**YOUR TASK**.
Exactly the lines from the one containing "[M:0178]<br />" through the one containing "Уважаемые гости и" in the listing below are to be copied, with the pictures left out.

**DATASET ENTRIES**.
- - -
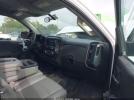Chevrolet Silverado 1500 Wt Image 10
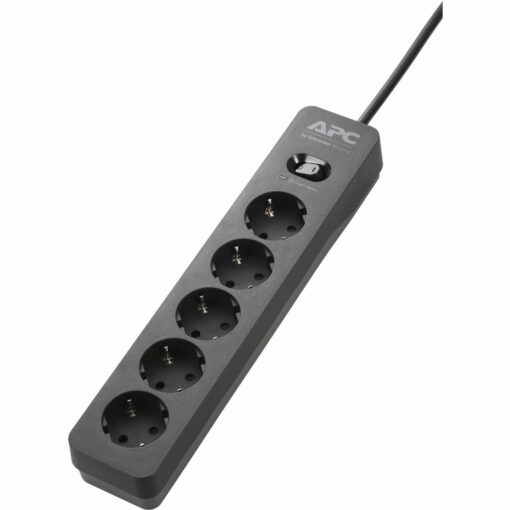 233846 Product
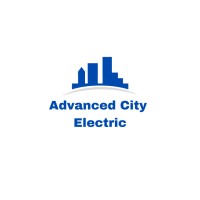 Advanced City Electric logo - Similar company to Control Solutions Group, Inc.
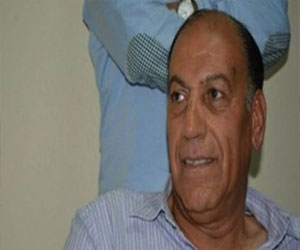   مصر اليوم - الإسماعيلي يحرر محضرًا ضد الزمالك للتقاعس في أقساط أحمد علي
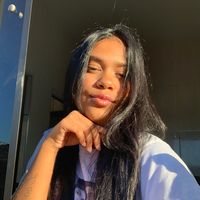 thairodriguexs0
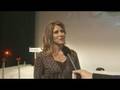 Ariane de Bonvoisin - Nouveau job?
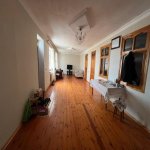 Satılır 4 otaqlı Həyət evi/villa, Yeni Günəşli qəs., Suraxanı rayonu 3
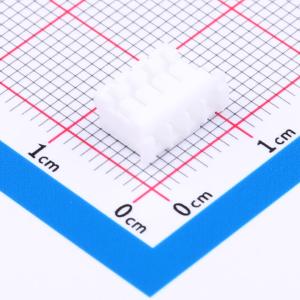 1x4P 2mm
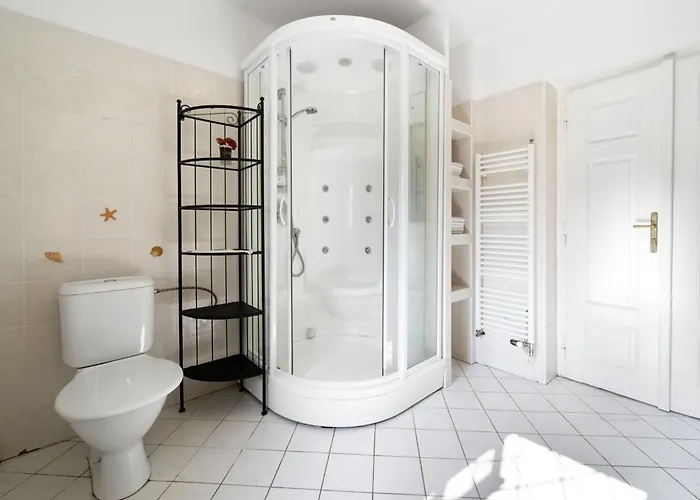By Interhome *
- - -
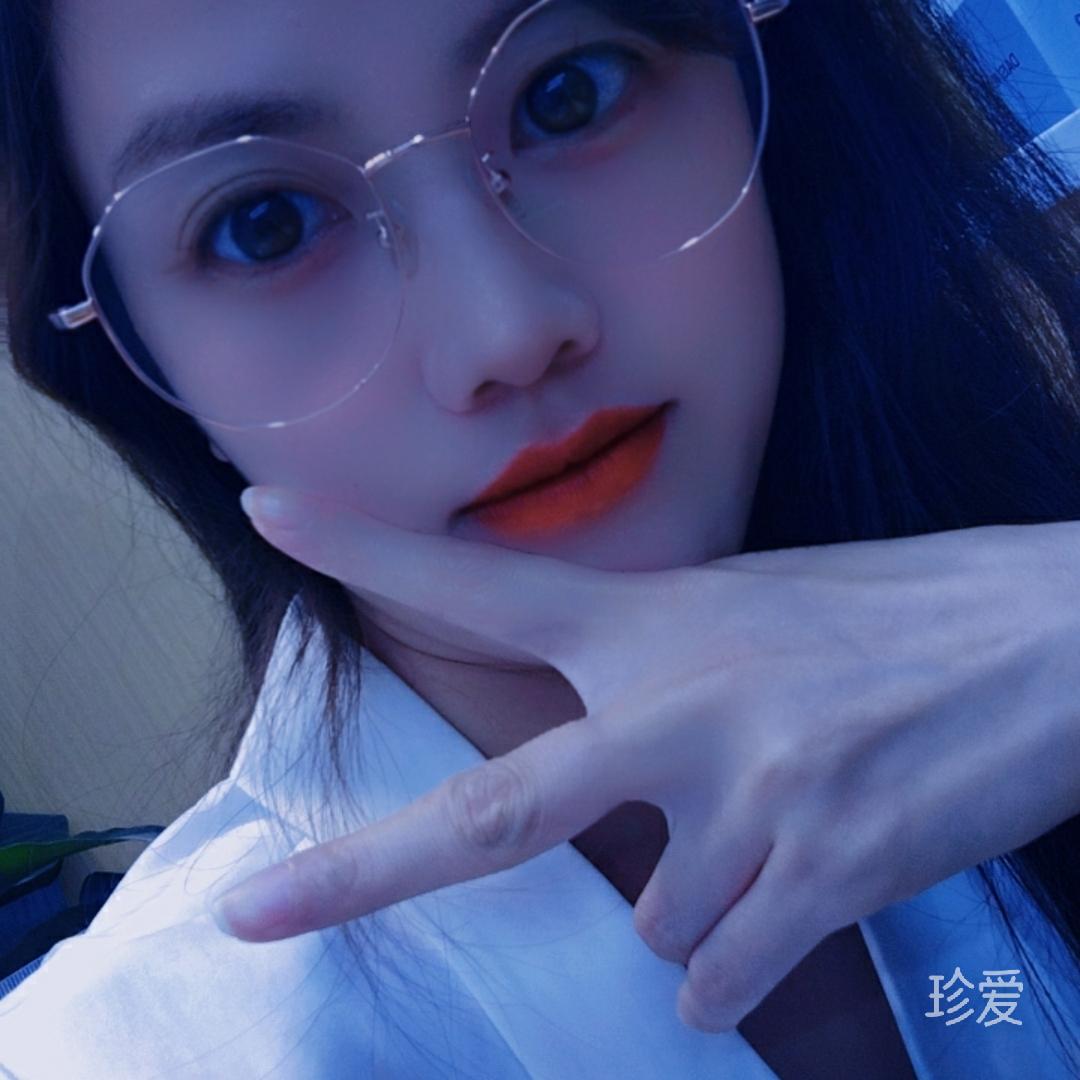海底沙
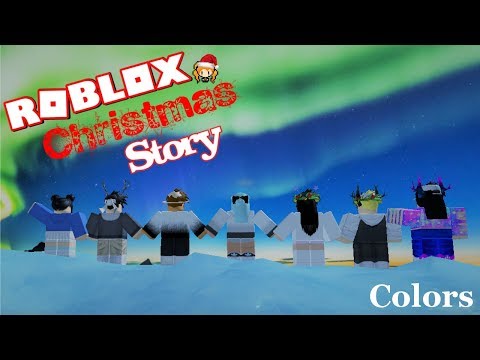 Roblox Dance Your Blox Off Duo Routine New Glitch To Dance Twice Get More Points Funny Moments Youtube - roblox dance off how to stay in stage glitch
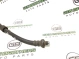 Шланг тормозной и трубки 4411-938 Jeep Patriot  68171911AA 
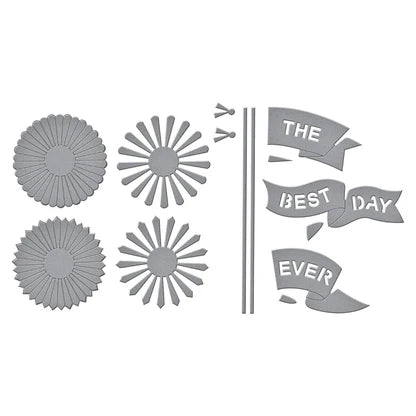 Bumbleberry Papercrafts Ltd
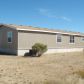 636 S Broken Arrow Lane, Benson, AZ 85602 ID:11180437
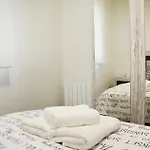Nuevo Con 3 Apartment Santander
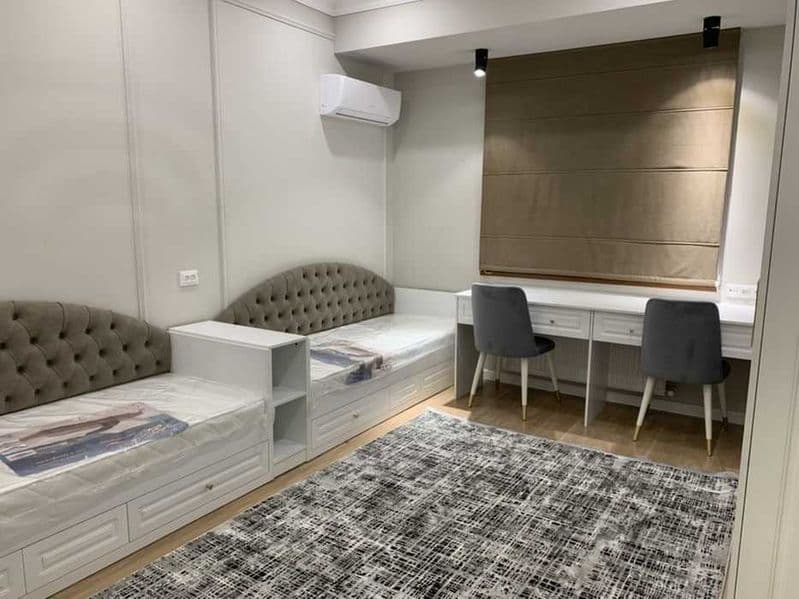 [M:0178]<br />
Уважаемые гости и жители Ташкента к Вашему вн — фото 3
- - -
**OUTPUT FOR THIS EXERCISE**.
 [M:0178]<br />
Уважаемые гости и жители Ташкента к Вашему вн — фото 3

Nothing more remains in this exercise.